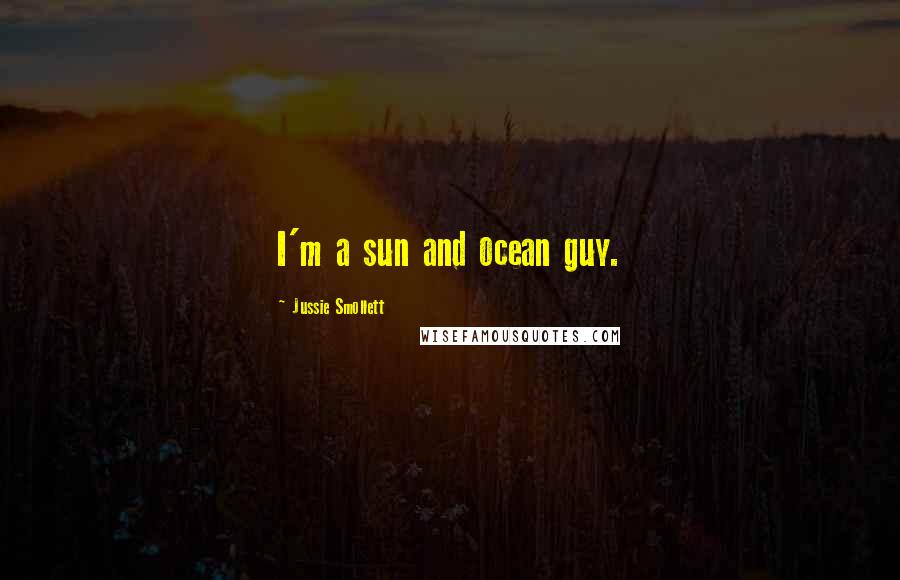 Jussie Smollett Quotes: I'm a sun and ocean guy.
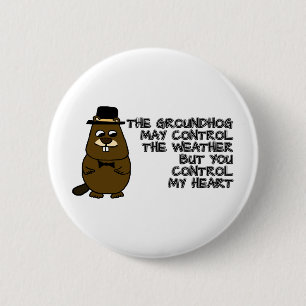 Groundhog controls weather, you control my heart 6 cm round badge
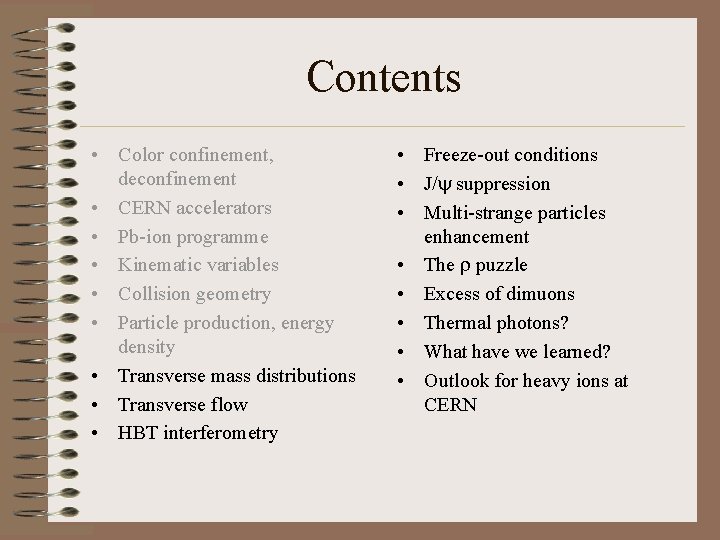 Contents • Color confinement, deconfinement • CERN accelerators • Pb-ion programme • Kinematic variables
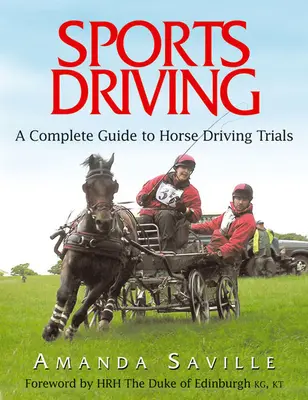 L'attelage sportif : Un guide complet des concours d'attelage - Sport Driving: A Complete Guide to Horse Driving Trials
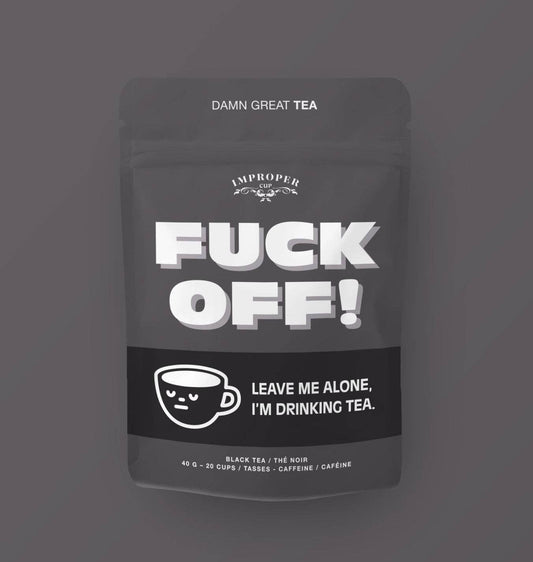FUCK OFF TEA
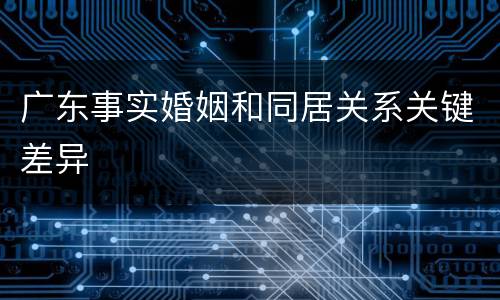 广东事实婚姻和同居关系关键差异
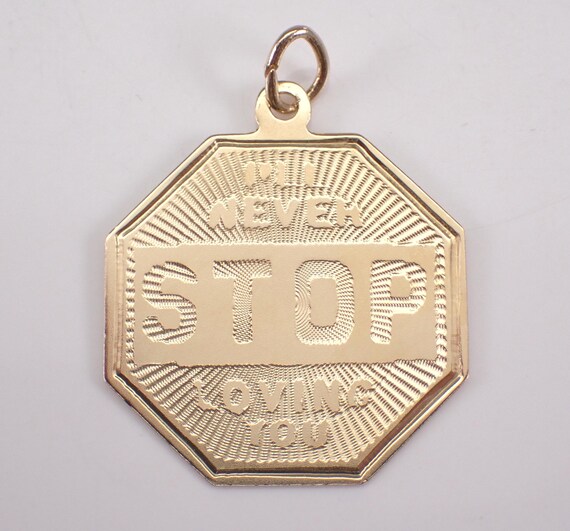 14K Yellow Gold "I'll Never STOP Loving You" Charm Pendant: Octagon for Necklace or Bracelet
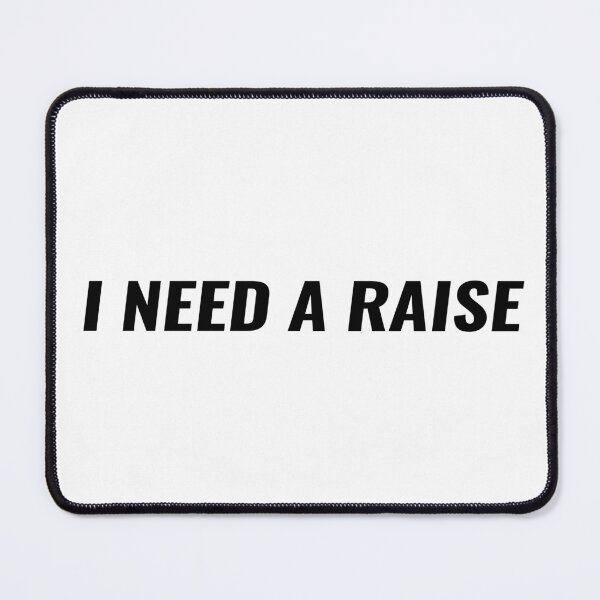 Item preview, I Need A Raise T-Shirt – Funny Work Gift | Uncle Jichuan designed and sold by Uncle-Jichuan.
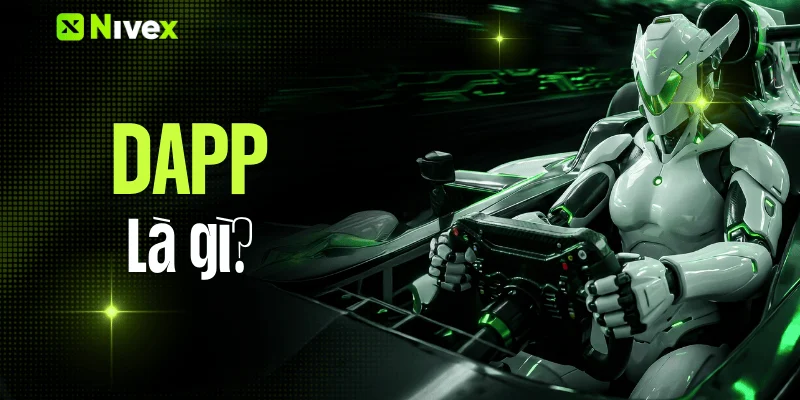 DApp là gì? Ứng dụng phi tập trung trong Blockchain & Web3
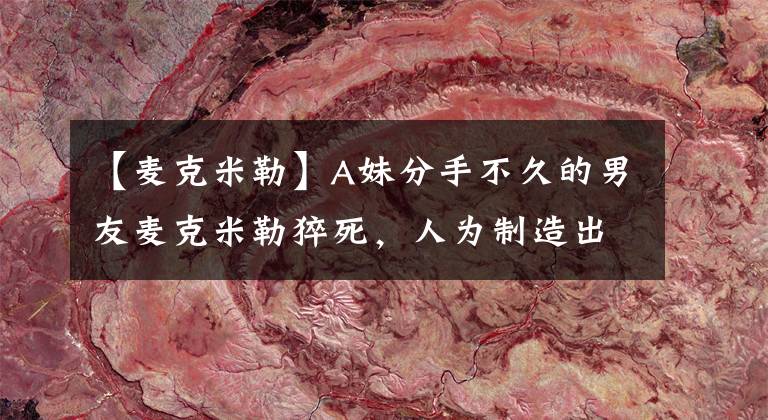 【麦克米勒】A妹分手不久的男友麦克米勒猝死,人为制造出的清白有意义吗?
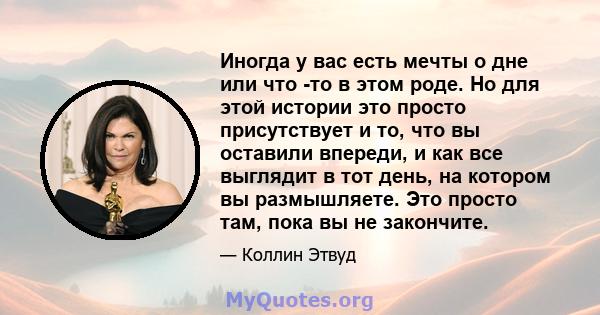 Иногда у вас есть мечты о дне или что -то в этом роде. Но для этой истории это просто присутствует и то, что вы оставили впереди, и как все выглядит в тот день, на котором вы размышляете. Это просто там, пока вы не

Exercise: Transcribe all the lines above exactly; any image among them is skipped.

Answer below:
 Jussie Smollett Quotes: I'm a sun and ocean guy.
 Groundhog controls weather, you control my heart 6 cm round badge
 Contents • Color confinement, deconfinement • CERN accelerators • Pb-ion programme • Kinematic variables
 L'attelage sportif : Un guide complet des concours d'attelage - Sport Driving: A Complete Guide to Horse Driving Trials
FUCK OFF TEA
 广东事实婚姻和同居关系关键差异
 14K Yellow Gold "I'll Never STOP Loving You" Charm Pendant: Octagon for Necklace or Bracelet
 Item preview, I Need A Raise T-Shirt – Funny Work Gift | Uncle Jichuan designed and sold by Uncle-Jichuan.
 DApp là gì? Ứng dụng phi tập trung trong Blockchain & Web3
 【麦克米勒】A妹分手不久的男友麦克米勒猝死,人为制造出的清白有意义吗?
 Иногда у вас есть мечты о дне или что -то в этом роде. Но для этой истории это просто присутствует и то, что вы оставили впереди, и как все выглядит в тот день, на котором вы размышляете. Это просто там, пока вы не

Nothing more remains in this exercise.